Some models will obviously not get handled so easily. However, in the course of implementing the mechanism, only two models remained that needed to get their separate parsers: Ministral and GPT-OSS, and the prior not because of its complexity, but of the need to rewrite the message structure passed to the template. GPT-OSS is a different beast since it supports arbitrarily many interleaved blocks, so it doesn't fit into the scheme that I mentioned above (but its parser has been rewritten to PEG as well).
This is currently anchored on Minja and uses its capability detection, but since the differential analysis already does its own capability detection, I fully expect to throw that part out and base this on @ngxson 's #18462 instead.
Obsoletes #18353 (sorry @ochafik - I know you put a lot of work into that).
Old parsers, tests and all supporting code are thrown out, templates got new PEG-parser based testcases, all of them now also test streaming behavior. I have tested this extensively on agentic coding (mostly with OpenCode) to ensure that this actually works (my wish to refactor the parser code was mostly caused by my prior experience with agentic coding on llama.cpp, which was extremely buggy with a lot of models, this is an attempt to remedy that). Hopefully, having one unified codebase with a largely reduced line-of-code count will make it easier to fix any potential errors.
This also means that there is no longer need to provide support for new models' specific templates unless they have some odd constructs - they should be supported out of the box.

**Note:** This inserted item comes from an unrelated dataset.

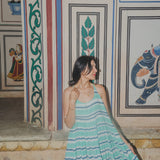 RAE SLIP, TURQUOISE // INDIGO STRIPE COTTON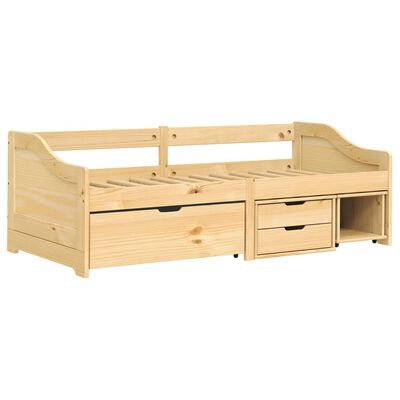 vidaXL Sofá cama con 3 cajones madera maciza pino IRUN 90x200cm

There's a new tool called
debug-template-parserthat you can point to any Jinja template file or GGUF model with an embedded Jinja template and have it spit out the details of the generated autoparser + toolcaling grammar.Oh, important note: all Minja polyfills have been disabled. Working templates are now required. Why I see why a year and a half ago having proof-of-concept code that supported tool calling on models that didn't natively have tool calling might've been useless, right now supporting that is making it harder to properly support current and actually used models. Therefore, a functional template with tool calling is required if someone wants tool calling.
I want to ask everyone from the community who can to test this. I will keep this branch current with master, I tried to test this as much as I could, but I'm just one person doing this after work, so obviously my testing abilities were limited. I will keep this as draft until I've gathered enough feedback and testing data.
To not clutter the main repository's issue tracker, please report bugs either (a) in this thread or (b) in my issue tracker https://github.com/pwilkin/llama.cpp/issues
AI DISCLOSURE: Gemini Pro 3, Flash 3, Opus 4.5 and GLM 4.7 would like to admit that a human element did at some points interfere in the coding process, being as bold as to even throw most of the code out at some point and demand it rewritten from scratch. The human also tinkered the code massively, removing a lot of our beautiful comments and some code fragments that they claimed were useless. They had no problems, however, in using us to do all the annoying marker arithmetic. Therefore, we disavow any claim to this code and cede the responsibility onto the human.